Content starts

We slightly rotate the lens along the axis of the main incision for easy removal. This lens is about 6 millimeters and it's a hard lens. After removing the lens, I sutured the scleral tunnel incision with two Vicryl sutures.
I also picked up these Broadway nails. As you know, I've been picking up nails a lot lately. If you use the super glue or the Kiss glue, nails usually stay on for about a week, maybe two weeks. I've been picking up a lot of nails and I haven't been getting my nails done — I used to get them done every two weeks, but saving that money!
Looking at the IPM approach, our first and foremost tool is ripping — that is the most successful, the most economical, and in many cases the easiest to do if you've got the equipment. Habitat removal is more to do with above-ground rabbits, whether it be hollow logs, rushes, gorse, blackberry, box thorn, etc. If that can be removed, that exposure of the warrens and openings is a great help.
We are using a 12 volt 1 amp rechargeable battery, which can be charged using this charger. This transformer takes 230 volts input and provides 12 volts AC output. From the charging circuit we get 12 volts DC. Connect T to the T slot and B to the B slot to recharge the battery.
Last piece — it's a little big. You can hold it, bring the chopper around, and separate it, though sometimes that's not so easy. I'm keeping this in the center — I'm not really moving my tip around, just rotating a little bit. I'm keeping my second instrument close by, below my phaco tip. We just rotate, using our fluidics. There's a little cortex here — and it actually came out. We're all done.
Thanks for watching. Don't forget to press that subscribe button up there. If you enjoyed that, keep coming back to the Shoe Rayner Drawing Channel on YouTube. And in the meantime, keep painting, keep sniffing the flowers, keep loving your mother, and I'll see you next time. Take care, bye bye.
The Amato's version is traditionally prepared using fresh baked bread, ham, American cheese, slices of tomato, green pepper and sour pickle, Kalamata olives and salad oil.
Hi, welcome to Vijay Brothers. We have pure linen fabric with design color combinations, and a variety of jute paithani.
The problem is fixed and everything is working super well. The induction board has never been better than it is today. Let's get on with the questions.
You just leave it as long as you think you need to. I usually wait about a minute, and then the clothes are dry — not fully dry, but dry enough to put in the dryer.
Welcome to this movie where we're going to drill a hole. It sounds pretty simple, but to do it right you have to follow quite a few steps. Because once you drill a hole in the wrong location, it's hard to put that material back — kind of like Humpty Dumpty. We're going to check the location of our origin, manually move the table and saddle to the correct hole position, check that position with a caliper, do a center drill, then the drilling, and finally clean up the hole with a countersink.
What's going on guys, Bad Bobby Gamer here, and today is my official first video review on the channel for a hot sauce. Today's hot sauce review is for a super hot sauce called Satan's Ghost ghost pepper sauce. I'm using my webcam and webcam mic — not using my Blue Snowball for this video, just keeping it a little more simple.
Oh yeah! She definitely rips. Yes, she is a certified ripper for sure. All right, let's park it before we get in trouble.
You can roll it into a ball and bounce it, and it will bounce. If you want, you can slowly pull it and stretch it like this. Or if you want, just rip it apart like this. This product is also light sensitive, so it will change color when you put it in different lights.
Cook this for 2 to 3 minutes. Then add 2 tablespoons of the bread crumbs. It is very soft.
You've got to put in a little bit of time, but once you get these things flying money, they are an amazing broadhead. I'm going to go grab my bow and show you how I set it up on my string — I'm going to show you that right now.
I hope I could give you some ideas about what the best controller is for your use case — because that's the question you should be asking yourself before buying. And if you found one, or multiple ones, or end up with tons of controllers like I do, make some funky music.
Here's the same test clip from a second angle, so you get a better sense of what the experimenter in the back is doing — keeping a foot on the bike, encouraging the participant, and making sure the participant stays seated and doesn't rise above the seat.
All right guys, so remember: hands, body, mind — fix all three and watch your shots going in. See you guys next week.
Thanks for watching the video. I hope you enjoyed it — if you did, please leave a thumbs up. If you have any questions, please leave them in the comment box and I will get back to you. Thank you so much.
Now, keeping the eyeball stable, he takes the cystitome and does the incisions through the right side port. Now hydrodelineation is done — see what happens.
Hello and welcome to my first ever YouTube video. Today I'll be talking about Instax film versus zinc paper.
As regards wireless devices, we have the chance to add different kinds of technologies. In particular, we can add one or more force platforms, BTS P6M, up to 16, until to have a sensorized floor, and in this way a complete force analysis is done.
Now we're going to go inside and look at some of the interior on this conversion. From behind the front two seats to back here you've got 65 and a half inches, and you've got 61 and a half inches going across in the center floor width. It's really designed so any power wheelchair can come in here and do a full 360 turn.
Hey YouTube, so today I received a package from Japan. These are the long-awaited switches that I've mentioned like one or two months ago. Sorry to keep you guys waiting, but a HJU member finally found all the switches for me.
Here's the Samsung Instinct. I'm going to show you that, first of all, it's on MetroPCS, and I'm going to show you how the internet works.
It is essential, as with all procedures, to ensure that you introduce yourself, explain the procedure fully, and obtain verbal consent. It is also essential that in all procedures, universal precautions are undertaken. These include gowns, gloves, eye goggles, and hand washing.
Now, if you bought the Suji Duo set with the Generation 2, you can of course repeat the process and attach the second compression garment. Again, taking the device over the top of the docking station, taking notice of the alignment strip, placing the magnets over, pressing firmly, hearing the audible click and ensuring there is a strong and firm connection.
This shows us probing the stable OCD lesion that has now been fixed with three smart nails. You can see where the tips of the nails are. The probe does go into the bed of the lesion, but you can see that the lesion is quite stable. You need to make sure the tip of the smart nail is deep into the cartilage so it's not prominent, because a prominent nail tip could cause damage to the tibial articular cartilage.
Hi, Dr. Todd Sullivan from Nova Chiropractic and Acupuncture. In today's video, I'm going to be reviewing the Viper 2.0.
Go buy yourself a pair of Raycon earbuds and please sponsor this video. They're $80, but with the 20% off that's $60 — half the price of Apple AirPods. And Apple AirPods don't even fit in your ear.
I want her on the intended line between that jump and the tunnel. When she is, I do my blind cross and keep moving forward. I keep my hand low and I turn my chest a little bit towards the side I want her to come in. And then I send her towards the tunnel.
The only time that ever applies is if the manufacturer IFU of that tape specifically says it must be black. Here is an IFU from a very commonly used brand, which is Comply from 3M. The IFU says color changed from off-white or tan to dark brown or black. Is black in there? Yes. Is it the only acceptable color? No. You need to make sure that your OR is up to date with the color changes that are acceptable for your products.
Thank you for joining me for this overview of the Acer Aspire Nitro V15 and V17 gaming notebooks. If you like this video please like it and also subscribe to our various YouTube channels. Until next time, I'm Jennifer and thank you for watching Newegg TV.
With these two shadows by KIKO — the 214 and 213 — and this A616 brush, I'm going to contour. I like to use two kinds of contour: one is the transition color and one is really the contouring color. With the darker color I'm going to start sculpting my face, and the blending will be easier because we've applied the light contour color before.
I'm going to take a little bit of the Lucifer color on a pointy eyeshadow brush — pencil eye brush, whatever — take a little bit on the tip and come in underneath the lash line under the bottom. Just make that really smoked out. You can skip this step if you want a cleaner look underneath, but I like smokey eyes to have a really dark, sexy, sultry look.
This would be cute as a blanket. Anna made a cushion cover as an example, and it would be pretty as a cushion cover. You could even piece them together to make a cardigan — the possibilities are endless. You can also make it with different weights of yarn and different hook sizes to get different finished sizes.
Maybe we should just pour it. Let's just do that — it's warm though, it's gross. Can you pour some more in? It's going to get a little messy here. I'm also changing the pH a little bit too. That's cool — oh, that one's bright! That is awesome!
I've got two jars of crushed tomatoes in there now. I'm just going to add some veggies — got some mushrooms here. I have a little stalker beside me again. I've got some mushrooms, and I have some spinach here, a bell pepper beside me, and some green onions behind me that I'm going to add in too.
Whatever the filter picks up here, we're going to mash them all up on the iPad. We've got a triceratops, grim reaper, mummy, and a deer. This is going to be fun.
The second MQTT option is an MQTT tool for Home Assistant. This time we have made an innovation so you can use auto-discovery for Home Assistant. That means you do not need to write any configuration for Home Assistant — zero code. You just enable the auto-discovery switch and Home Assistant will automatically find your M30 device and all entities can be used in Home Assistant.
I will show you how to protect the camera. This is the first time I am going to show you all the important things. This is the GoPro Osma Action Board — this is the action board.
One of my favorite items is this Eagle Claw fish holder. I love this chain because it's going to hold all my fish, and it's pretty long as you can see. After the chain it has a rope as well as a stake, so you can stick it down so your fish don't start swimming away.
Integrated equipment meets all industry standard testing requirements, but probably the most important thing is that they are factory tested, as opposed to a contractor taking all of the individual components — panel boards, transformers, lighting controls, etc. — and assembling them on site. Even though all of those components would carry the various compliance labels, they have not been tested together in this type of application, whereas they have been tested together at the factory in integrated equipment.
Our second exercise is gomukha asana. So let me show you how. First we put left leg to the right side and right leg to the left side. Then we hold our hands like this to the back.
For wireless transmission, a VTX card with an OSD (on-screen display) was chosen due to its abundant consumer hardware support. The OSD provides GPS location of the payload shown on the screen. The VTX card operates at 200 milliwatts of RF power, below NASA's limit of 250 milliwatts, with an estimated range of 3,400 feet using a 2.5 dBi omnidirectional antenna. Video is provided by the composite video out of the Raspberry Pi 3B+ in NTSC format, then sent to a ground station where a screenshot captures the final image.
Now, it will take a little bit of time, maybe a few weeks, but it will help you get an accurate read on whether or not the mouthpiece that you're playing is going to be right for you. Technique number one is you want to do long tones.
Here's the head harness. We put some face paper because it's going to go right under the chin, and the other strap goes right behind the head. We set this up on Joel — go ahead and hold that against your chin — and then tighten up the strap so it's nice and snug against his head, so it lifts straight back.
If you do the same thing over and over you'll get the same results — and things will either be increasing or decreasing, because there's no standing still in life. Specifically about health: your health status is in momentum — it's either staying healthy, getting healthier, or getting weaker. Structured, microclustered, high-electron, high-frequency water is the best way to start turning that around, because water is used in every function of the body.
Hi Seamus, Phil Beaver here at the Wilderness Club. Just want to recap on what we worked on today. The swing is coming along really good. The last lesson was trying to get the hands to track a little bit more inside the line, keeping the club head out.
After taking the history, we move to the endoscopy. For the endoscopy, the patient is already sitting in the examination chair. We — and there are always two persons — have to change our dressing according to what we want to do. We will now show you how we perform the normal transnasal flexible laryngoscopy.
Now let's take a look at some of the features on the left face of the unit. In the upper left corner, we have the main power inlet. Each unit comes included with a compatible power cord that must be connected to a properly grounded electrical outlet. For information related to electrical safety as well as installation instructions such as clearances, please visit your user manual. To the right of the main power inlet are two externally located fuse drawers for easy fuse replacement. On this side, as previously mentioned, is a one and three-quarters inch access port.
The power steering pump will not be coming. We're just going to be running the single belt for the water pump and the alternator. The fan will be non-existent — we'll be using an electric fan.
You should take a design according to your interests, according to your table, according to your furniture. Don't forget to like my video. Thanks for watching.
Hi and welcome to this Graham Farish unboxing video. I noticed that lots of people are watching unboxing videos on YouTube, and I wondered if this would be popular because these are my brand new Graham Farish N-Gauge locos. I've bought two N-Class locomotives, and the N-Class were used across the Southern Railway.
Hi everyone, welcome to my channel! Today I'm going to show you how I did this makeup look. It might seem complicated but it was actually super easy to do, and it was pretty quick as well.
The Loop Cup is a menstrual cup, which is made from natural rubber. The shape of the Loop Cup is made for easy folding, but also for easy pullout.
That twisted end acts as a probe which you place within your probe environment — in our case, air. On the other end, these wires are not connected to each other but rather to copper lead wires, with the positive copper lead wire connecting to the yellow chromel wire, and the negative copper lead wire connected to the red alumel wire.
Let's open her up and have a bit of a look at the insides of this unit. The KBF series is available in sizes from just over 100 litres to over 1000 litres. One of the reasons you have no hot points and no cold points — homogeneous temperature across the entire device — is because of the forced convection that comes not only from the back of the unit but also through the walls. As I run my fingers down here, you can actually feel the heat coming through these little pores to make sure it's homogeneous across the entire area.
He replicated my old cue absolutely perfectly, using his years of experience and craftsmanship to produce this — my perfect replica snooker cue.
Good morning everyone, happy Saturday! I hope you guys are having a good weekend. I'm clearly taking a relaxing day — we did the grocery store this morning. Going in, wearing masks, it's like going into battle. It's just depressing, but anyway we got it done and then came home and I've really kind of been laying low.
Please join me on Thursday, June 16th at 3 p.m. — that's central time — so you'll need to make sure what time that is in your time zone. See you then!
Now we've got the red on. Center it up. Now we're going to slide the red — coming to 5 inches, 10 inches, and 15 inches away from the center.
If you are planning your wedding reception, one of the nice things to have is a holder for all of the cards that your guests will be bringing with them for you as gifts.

Content ends

Exercise instructions »
Search the records for the string "hope" and return every line in which it occurs.

Exercise response »
I hope I could give you some ideas about what the best controller is for your use case — because that's the question you should be asking yourself before buying. And if you found one, or multiple ones, or end up with tons of controllers like I do, make some funky music.
Thanks for watching the video. I hope you enjoyed it — if you did, please leave a thumbs up. If you have any questions, please leave them in the comment box and I will get back to you. Thank you so much.
Good morning everyone, happy Saturday! I hope you guys are having a good weekend. I'm clearly taking a relaxing day — we did the grocery store this morning. Going in, wearing masks, it's like going into battle. It's just depressing, but anyway we got it done and then came home and I've really kind of been laying low.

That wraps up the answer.